Moving Node-RED to a monorepo with multiple modules
21 Mar 2019How we tore apart the internals of Node-RED and glued it back together without users knowing
There are two logical parts of Node-RED; the runtime where flows run and the editor where flows are edited. Ever since the start of the project, these two parts have been bundled together in a single blob of npm module.
With the 0.20 release we’ve just published, the internals of Node-RED have now been
split apart into 6 separate npm modules, along with the original node-red
module
that now has the task of pulling those modules back together so the user doesn’t
know what we’ve done.
This post describes how we went about doing that and some of the challenges we faced along the way. If you want to see it for yourself, the code is here.
This blog post was presented at LNUG in September 2019.
One-vs-Many repositories.
When I started looking at how to structure the code to support this approach, I had to decide whether to keep all the code in one repo or to split it into one repo per module.

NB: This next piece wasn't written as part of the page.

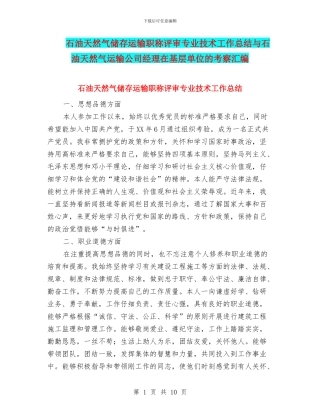 石油天然气储存运输职称评审专业技术工作总结与石油天然气运输公司经理在基层单位的考察汇编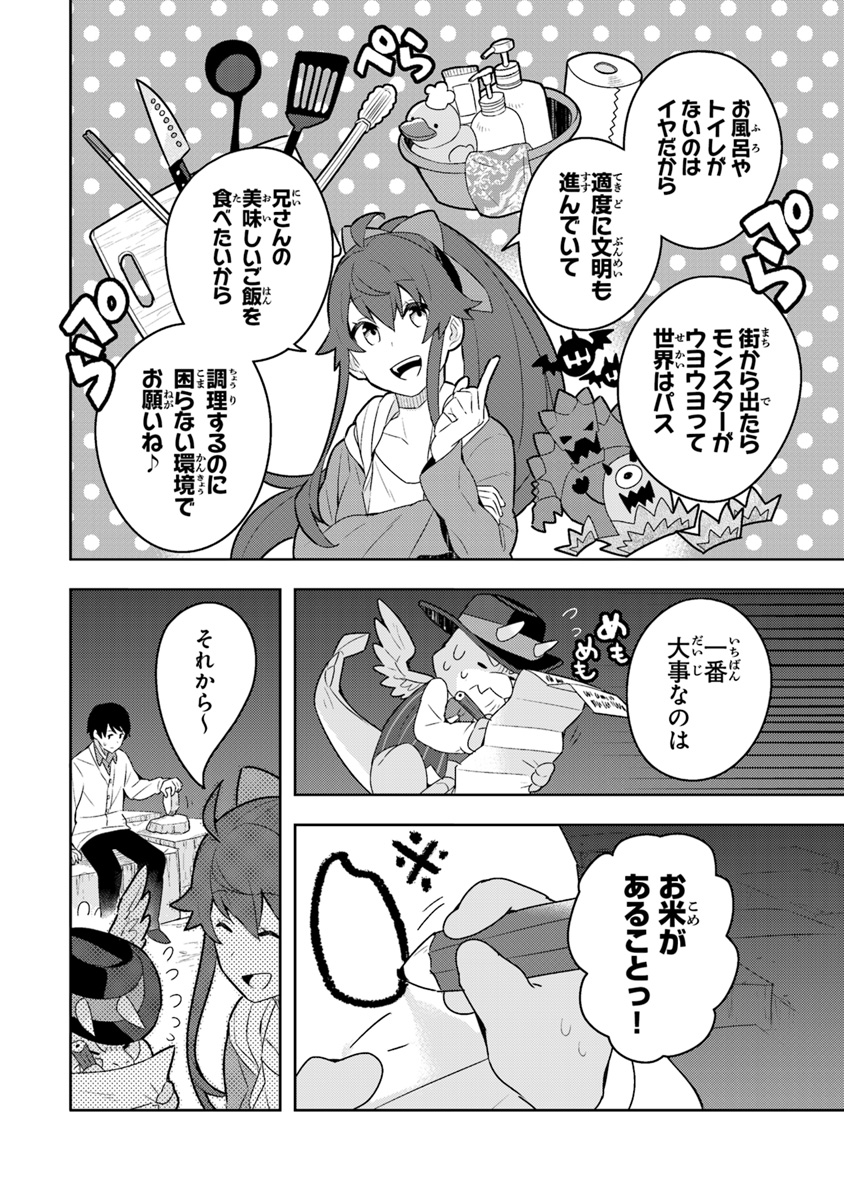 Isekai Kitchen: Arasa Eiyoushi no Second Life Chapter 2 20ページ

Splitting it out would have made it clear what code belongs to each module and make it easier for new developers to follow the structure.
But it would also greatly increase the administrative burden; multiple repositories to manage, with multiple issue lists and the need to carefully co-ordinate pull-requests when a new feature spanned multiple modules.
Keeping the code in one place made the most sense. The question was then how to do that in practice.
Tooling
I looked around at other projects that maintain multiple modules in a single repository. There seemed to be a split between ones that chose to use established tooling, such as Lerna and those that rolled their own solution.
Not wanting to needlessly reinvent the wheel, I spent some time playing with Lerna.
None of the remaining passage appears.